Calculate Average Rate and Cumulative Jobs by State
Company: CloudTrucks
Role: Data Scientist
Category: Data Manipulation (SQL/Python)
Difficulty: Medium
Interview Round: Technical Screen
jobs
+--------+---------+-----------+------------+----------------+-------+----------------+---------------+
| job_id | load_id | driver_id | status | delivered_date | miles | payment_issued | rate_per_mile |
+--------+---------+-----------+------------+----------------+-------+----------------+---------------+
| 1 | 101 | 501 | completed | 2023-07-01 | 450 | true | 2.2 |
| 2 | 102 | 502 | cancelled | 2023-07-03 | 0 | false | 0 |
| 3 | 103 | 501 | completed | 2023-07-04 | 600 | true | 1.9 |
+--------+---------+-----------+------------+----------------+-------+----------------+---------------+
loads
+---------+--------------+-------------------+--------------+
| load_id | origin_state | destination_state | created_date |
+---------+--------------+-------------------+--------------+
| 101 | CA | TX | 2023-06-25 |
| 102 | NV | AZ | 2023-06-26 |
| 103 | OR | WA | 2023-06-27 |
+---------+--------------+-------------------+--------------+
drivers
+-----------+-----------+-----------+-------+
| driver_id | name | hire_date | state |
+-----------+-----------+-----------+-------+
| 501 | Alice | 2022-01-10| CA |
| 502 | Bob | 2021-11-05| NV |
+-----------+-----------+-----------+-------+
##### Scenario
SQL screen on logistics data – tables jobs, loads, drivers for a trucking marketplace.
##### Question
Among the five states that appear most often in the loads table, which state has the highest count of DISTINCT completed jobs?
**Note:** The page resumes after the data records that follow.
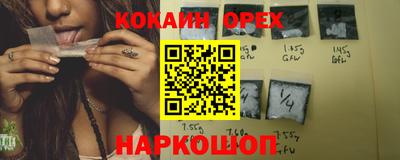 гашик Будённовск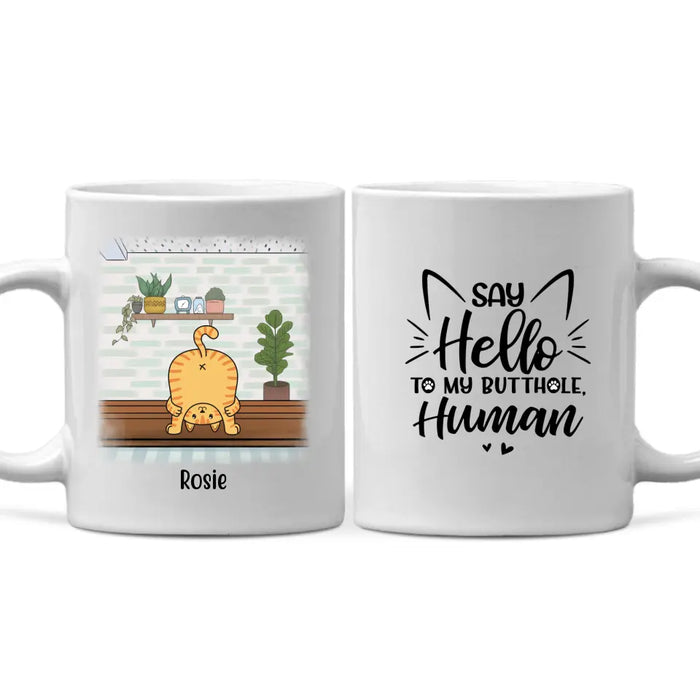 Say Hello to My Butthole, Human - Personalized Gifts Custom Cat Mug for Cat Mom, Cat Lovers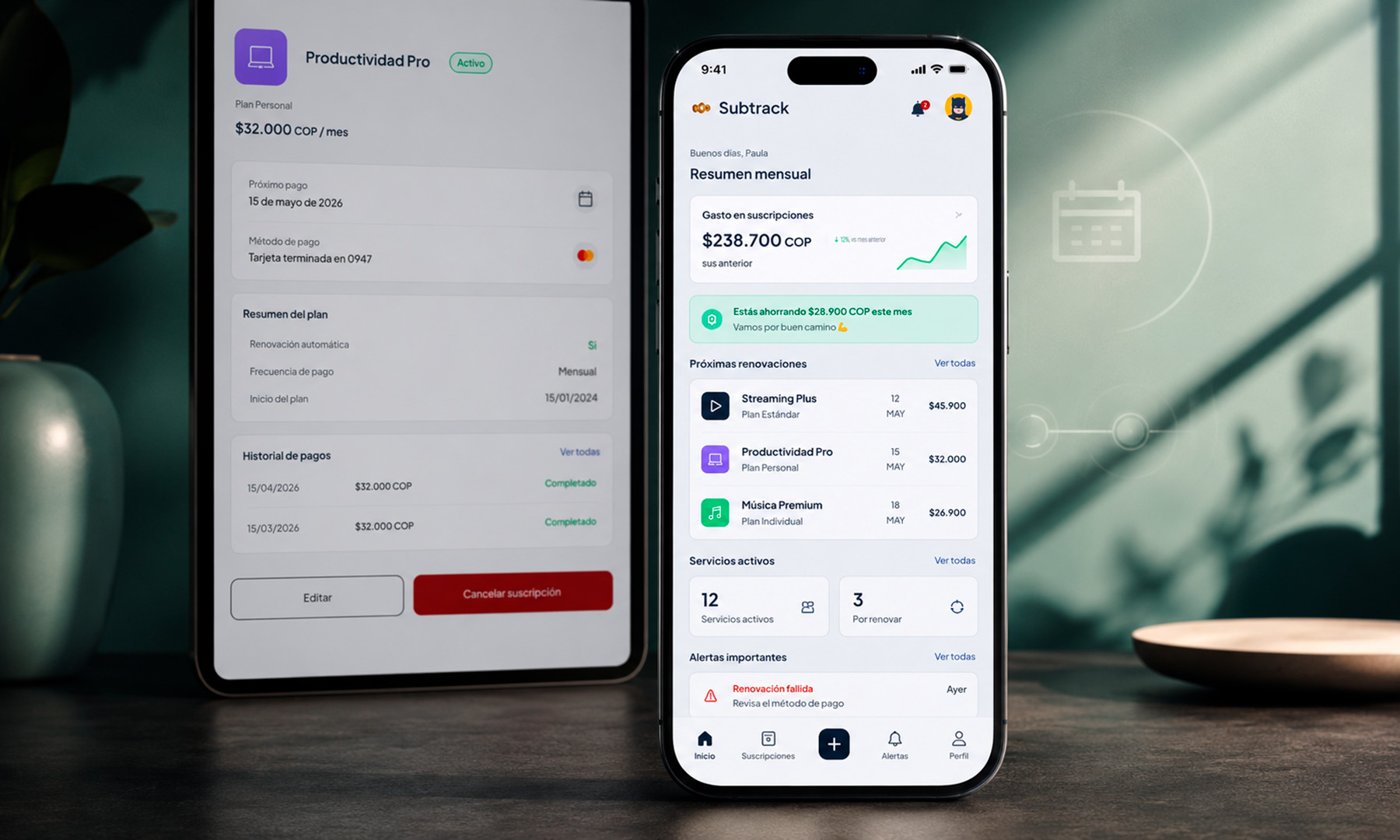 Subtrack dashboard showing subscription cards, renewal information, spending, and payment details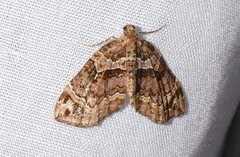 Chaetolopha incurvata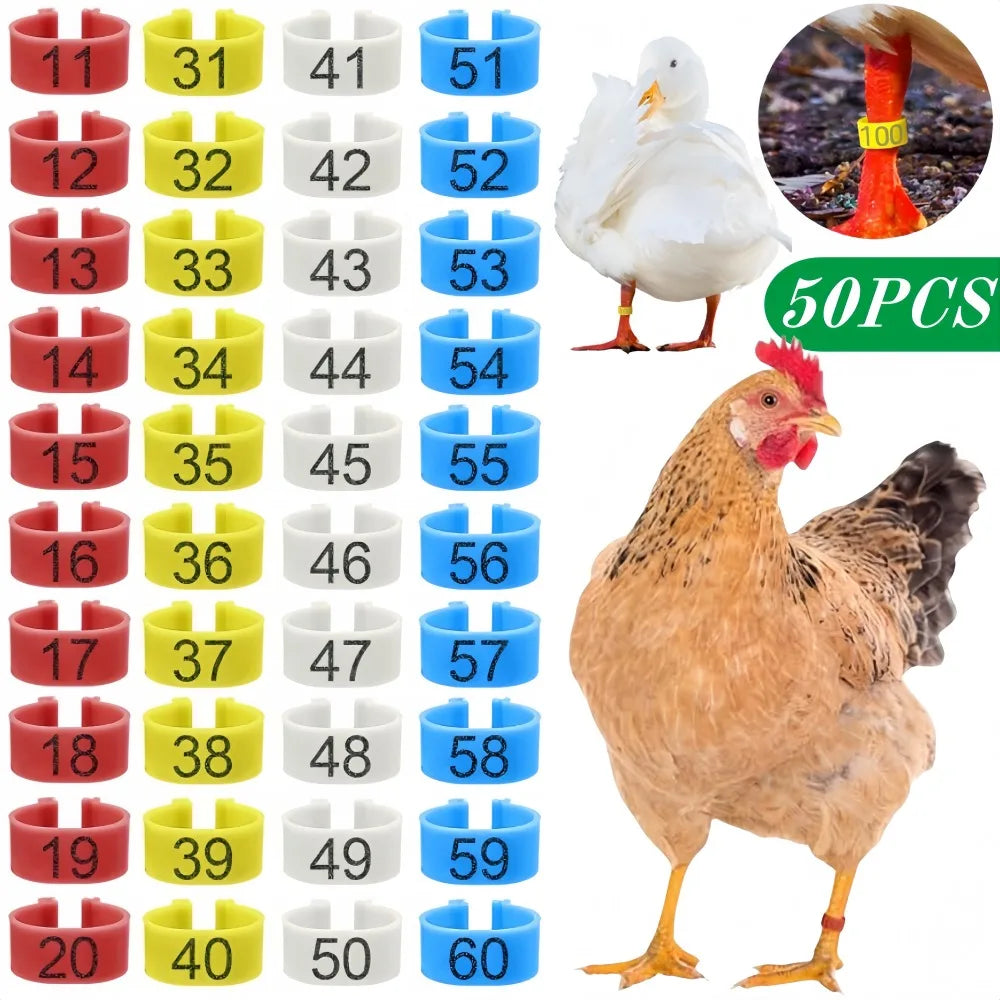 Numbered Multicolor Poultry Leg Rings for Chickens, Quail & Turkeys Poultry Leg Rings Qme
For completed jobs, calculate the average rate_per_mile for each delivered_date (exclude rows where miles =
0). Produce a running cumulative count of completed jobs by delivered_date using a window function (ROWS BETWEEN UNBOUNDED PRECEDING AND CURRENT ROW).
##### Hints
Join jobs ↔ loads, filter status = 'completed', be careful with DISTINCT and division by zero, and use window functions correctly.
Quick Answer: This question evaluates competency in relational data manipulation and analytical SQL concepts—including joins, aggregation with DISTINCT counts, per-date averaging, rolling cumulative counts, and handling numeric edge cases—within the Data Manipulation (SQL/Python) domain for a data scientist role.